Most organizations at level 2 deliver HR metrics to managers and executives in organized dashboards. It is more important to show relevant information than to show all information. Clear dashboards facilitate the translation of HR metrics into useful input for decision-making.
How to reach level 3
Going from level 2 to level 3 primarily deals with the transition from reporting to HR analytics. Analytics is about statistically analyzing HR data in order to develop relevant (predictive) models for better decision-making. In other words, it begs the question: What can we learn from our HR data to make better people decisions in the (near) future?
When applying HR analytics, it is very important to start with a business problem of relevance to the organization. This way time is spent on solving real problems. Hence, remedying these problems will have the greatest impact on the organization.
Applying people analytics will require you to combine different kinds of data. You will need HR data, like demographics, performance and hiring data, but also financial and operational data, from different systems. It is therefore important to have a centralized HR (analytics) department and at least some level of data integration of the various systems. Organizations typically use a business intelligence (BI) system to compound data from multiple systems, or to build up a database of relevant data that can easily be used for analysis.
After putting together all the necessary data, you can start answering questions through statistical analysis. Managers and executives are typically short on time so there is no point in showing them complicated statistical models. To ensure strategic impact, be certain to focus on key business issues and to translate all results into actionable solutions.
At level 3, you are part of the top 14%. Only 4% of organizations have a higher HR analytics maturity level. Your organization has surpassed operational and proactive reporting and has succeeded in introducing more advanced analytics! On top of that, your organization uses (statistical) modeling to solve business problems and, based on the data, is even able to predict the future!
As an HR professional working with HR analytics at maturity level 3, you can add tangible value to the organization by proactively identifying issues and recommending actionable solutions.
How to reach level 4
Level 4 is characterized by predictive analytics. Predictive analytics enables organizations to make even better decisions by showing their potential impact. In addition, it will be possible to engage in scenario planning by forecasting what is likely to happen in the future. This allows organizations to mitigate risks more effectively and thus engage in strategic workforce planning: By utilizing predictive analytics, it’s possible to tell how the workforce will develop, where leadership succession will be jeopardized and which position the organization will need to fill in the near future.

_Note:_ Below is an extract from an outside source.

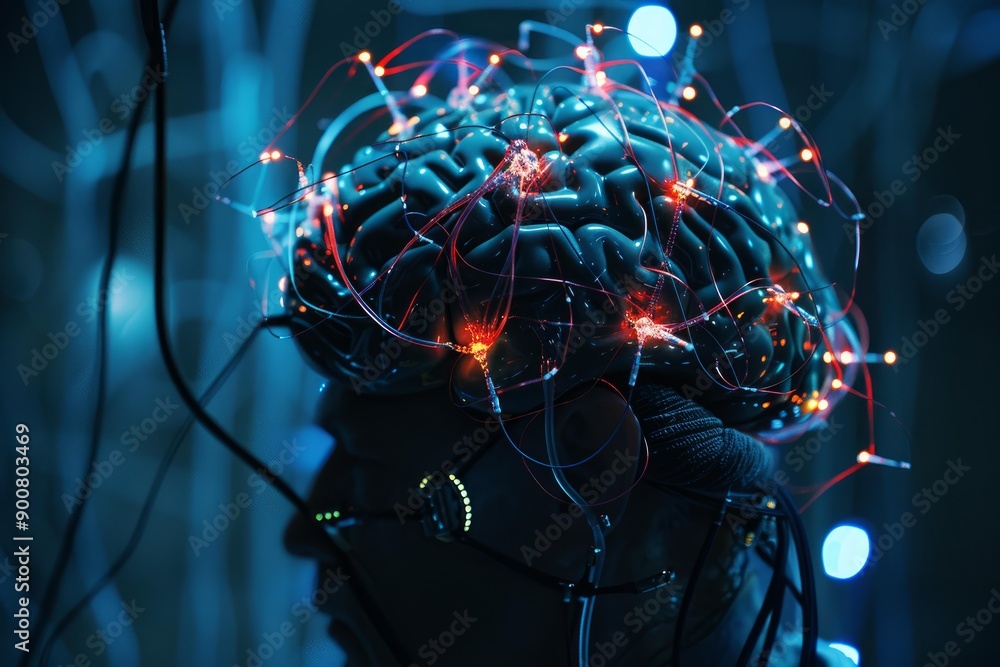 Poster conceptual image showcasing a brain model with illuminated neural links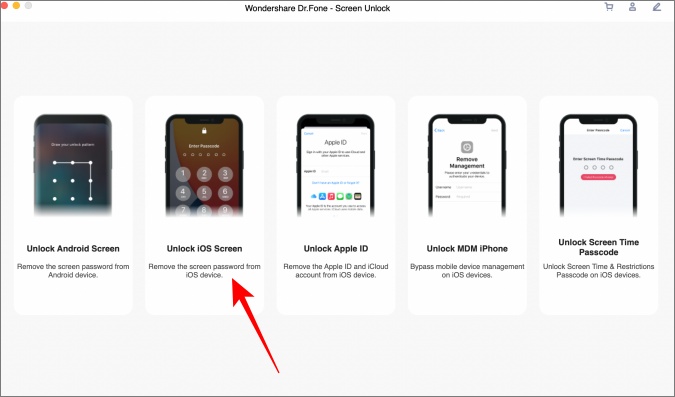 unlock iOS screen option on dr.fone in macOS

To make analytics predictive and to move to level 4, you will probably have to add additional analytical capabilities to your team. At level, it’s likely that you have a dedicated data scientist sifting through your people data. As predictive modeling goes beyond simple data analysis, you will begin to use tools that require more programming knowledge. An example of this is R, an open-source system for statistical computation and visualization.

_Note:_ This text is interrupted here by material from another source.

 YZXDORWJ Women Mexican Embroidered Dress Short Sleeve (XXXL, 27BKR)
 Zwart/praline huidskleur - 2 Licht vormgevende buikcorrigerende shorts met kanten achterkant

At level 4, you are part of the top 4% of organizations.
You are no longer surprised by the feats of HR analytics, because you’ve seen most of them already. HR plays a major role in your company’s strategic decision-making; it is aware of the impact of people policies and actively uses predictive models. In fact, HR is entirely capable of playing a fully strategic role within the company. Level 4 organizations are therefore more likely to have a Chief Human Resources Officer (CHRO) in their Board of Directors, or have a people analytics center of excellence that directly reports to the CEO.